I will also discuss net income and other accounting measures. These are completely different than net cash flow. You can think of NCF as the corporate checkbook….the actual cash being spent and received. Net income is an accounting measure that uses a series of rules to allocate expenses and revenues to certain time periods that are often very different than when actually received or spent. A simple example of this is the purchase of equipment (say a pumping unit)…the net cash flow would record the cost based on when the unit was purchased. For net income purposes, the unit would be depreciated over a certain number of year according to an appropriate scheme (straight-line, declining balance, etc). Thus the costs would be “matched” with the revenues the pump would help generate.

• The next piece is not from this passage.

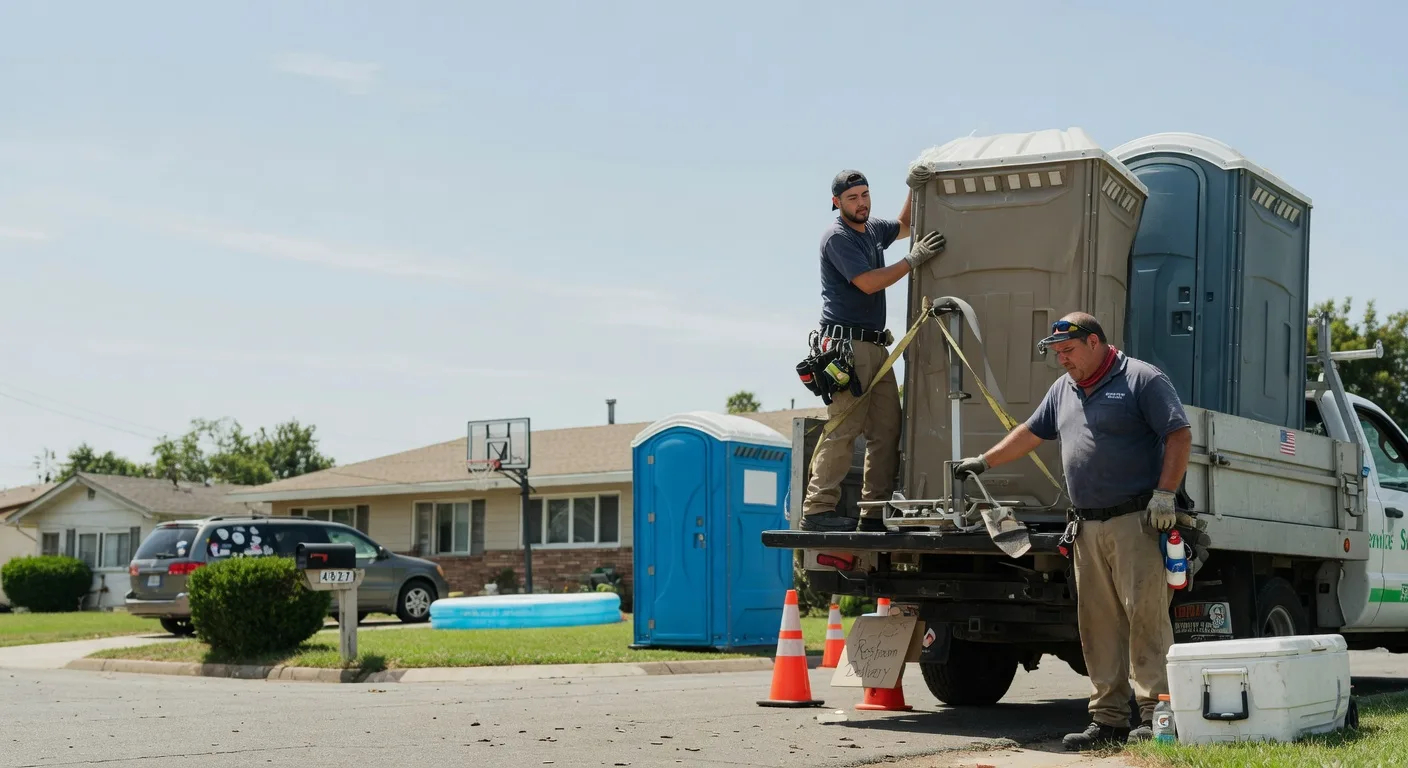 Porta Potty Rental in Point, TX near me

For petroleum economic evaluation purposes it is almost always the case that we should use the actual cash flows for decision making.

Again, I have quite a few remaining blog entries scheduled in this area. Thanks for your interest.

Thanks for answering Mr. Meehan, this is a good opportunity to get first-hand experience on this subject, your blog offers a deeper insight which improves our understanding on this area. Thanks again!

Excellent blog. It’s interesting that certain types of investors (equity or debt) have differing return requirements. Debt (banks) are interested in coverage ratios to meet principal and interest expenses… usually lower discount rate. Equity (private equity, i-banks, etc.) have much higher return requirements. Likewise, some investors are interested in free cash flow and others in earnings (with ultimate goal to flip the assets). Hence, whether or not you use an AFIT or BFIT discount rate is extemely important. An after-tax cash flow model must include not just the step-up in basis, but also the DD&A allowances. The equipment is depreciated using a 7-yr MACRs and the reserves are depleted using a UOP method. It’s not as simple as “1 – tax rate”. I run into this issue frequently when performing valuations.

Once again, terrific blog. I like the way you have simplified the process into the critical issues.